Friday, March 11, 2011

Autohagiography 2

  My family was nominally Catholic, and I went through the normal process of initiation into the American Church; Baptism, C.C.D. (Confraternity of Christian Doctrine) classes till 8thGrade, the accompanying sacraments of Confession (Lately re-named with the politically correct and less threatening title of “Reconciliation”), First Communion and Confirmation. Aside from attending Mass on most Sundays my family wasn't actively involved in parish life of a religious nature. I felt very much like a foreigner when I was at church. After Confirmation (around 14, I think) I wasn't forced to go to church anymore, so I didn't..

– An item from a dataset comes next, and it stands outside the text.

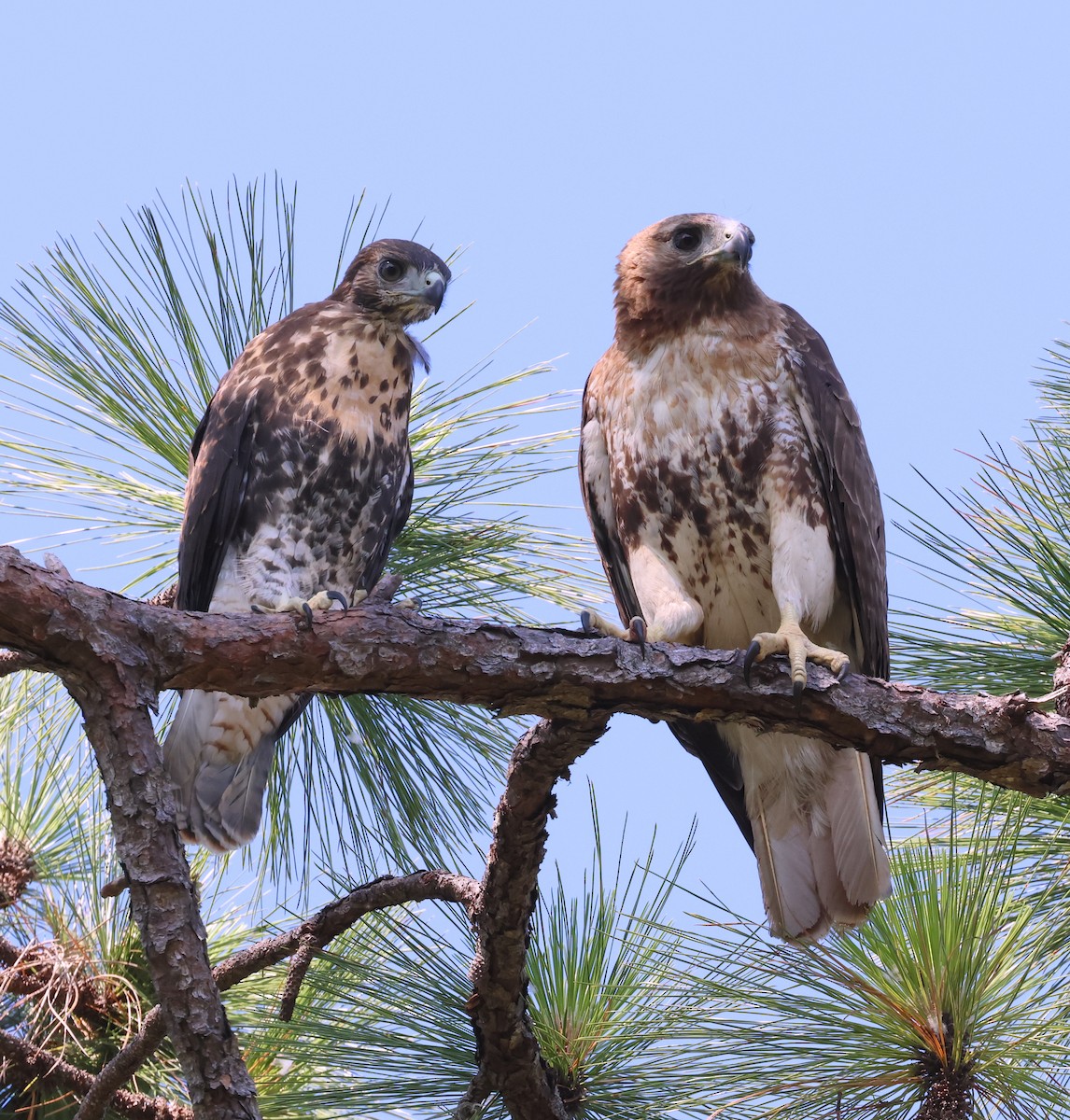 Red-tailed Hawk - ML619723448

  I recall that, during that time in the late 60s, we still had a few nuns teaching C.C.D. Mostly I was bored in the classes. The Catholic religion, with its moral and physical limitations was the last thing a growing boy wanted to hear about. And on the rare occasions that I did have a difficult question for the teacher it was treated as a mortal insult and went unanswered. Nobody ever bothered to reason with us or to prove that God even existed. We were to take it on authority alone. Maybe nobody ever considered the possibility that we wouldn’t. We never cracked a Bible (Happily this has changed! When I taught P.S.R., today's C.C.D., each class had a shelf of Bibles and we made sure to use them.). Aside from the Ten Commandments I retained little.  Whether it was the fault of my own inattention or the methods, I didn't learn much.

  As a result of my unanswered questions and the prevailing secularism of Sixties society I concluded that the Catholic faith had neither the answers nor the truth. One of the few lasting memories from C.C.D. is of a young nun in a habit, a rarity these days, singing Bob Dylan’s “Blowin’ in the Wind” and strumming on her folk guitar. A sign of things to come for the Catholic Church!